Start of Data section
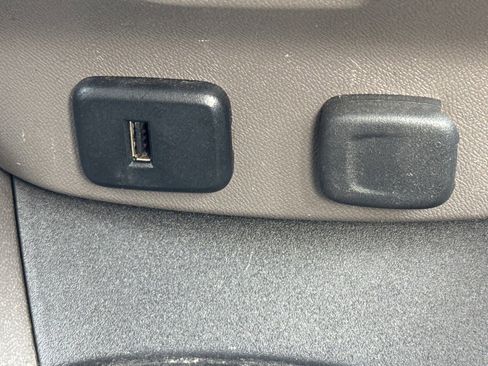 Used 2016 Chevrolet Malibu L image 12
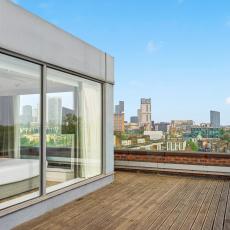 Roomzzz London Stratford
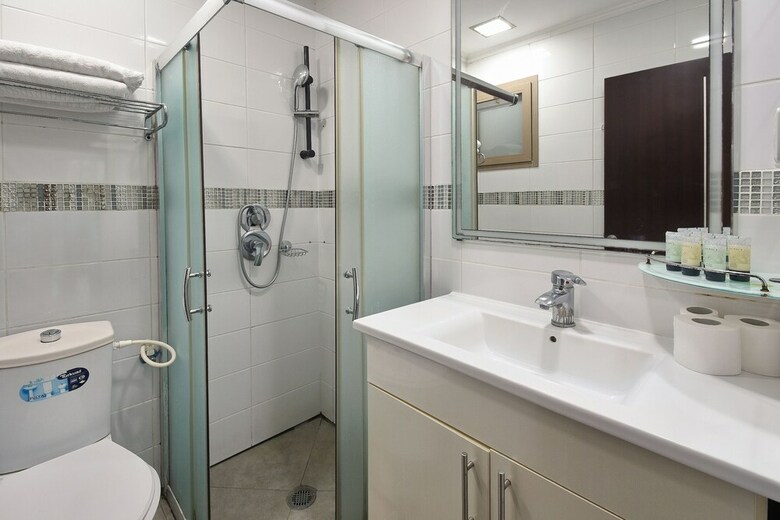 Hotel Luxury Suites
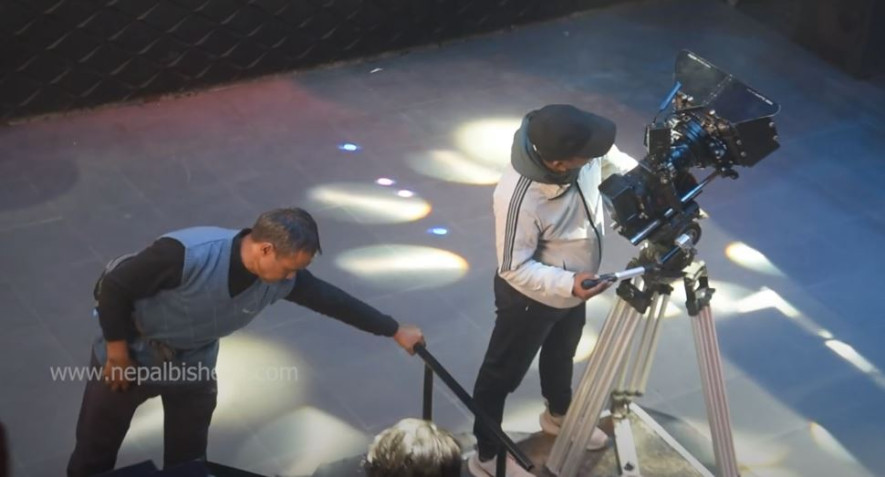 चलचित्र 'दुई कदम'काे 'ए मेरा बाबै'मा वर्षा र ईओनकाे मस्ती - Video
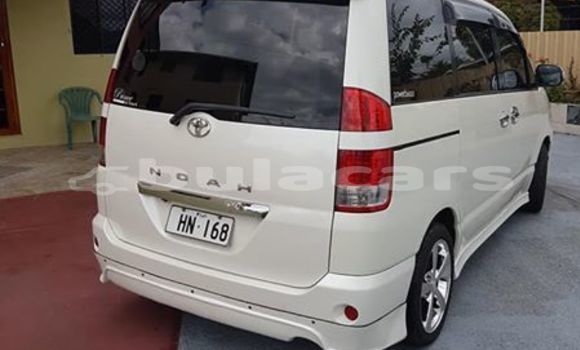 Acheter Occasion Voiture Toyota Noah Blanc à Suva, Central Acheter Occasion Voiture Toyota Noah Blanc à Suva, Central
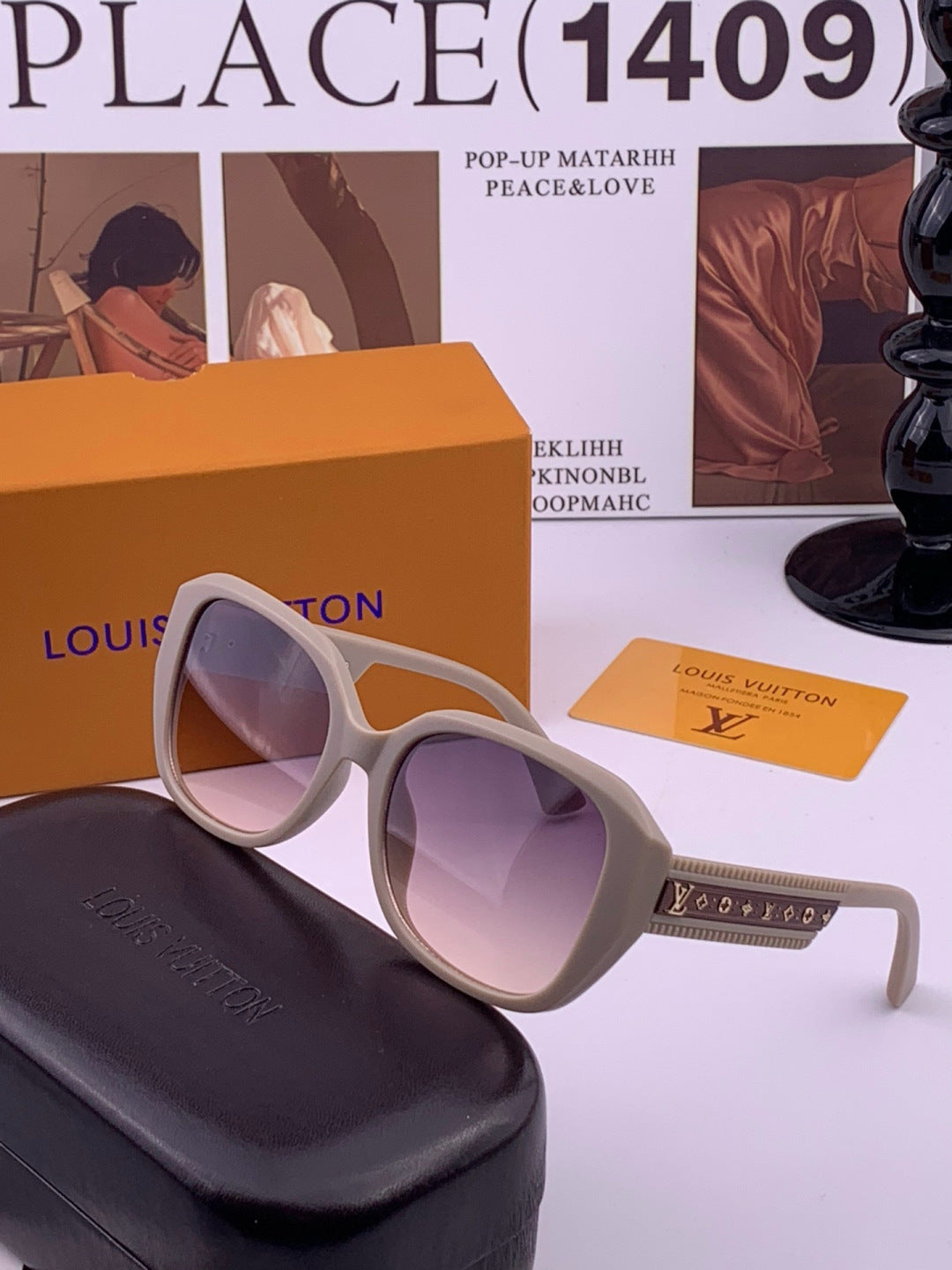 Louis Vuitton L17006 Oversized Purple Lens Sunglasses for Men & Women - detail image 2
End of Data section
**Task instructions**
Set down only the lines running from the line with "चलचित्र 'दुई कदम'काे" to the end of the entries, inclusive; omit every picture.

**Response below**
 चलचित्र 'दुई कदम'काे 'ए मेरा बाबै'मा वर्षा र ईओनकाे मस्ती - Video
 Acheter Occasion Voiture Toyota Noah Blanc à Suva, Central Acheter Occasion Voiture Toyota Noah Blanc à Suva, Central
 Louis Vuitton L17006 Oversized Purple Lens Sunglasses for Men & Women - detail image 2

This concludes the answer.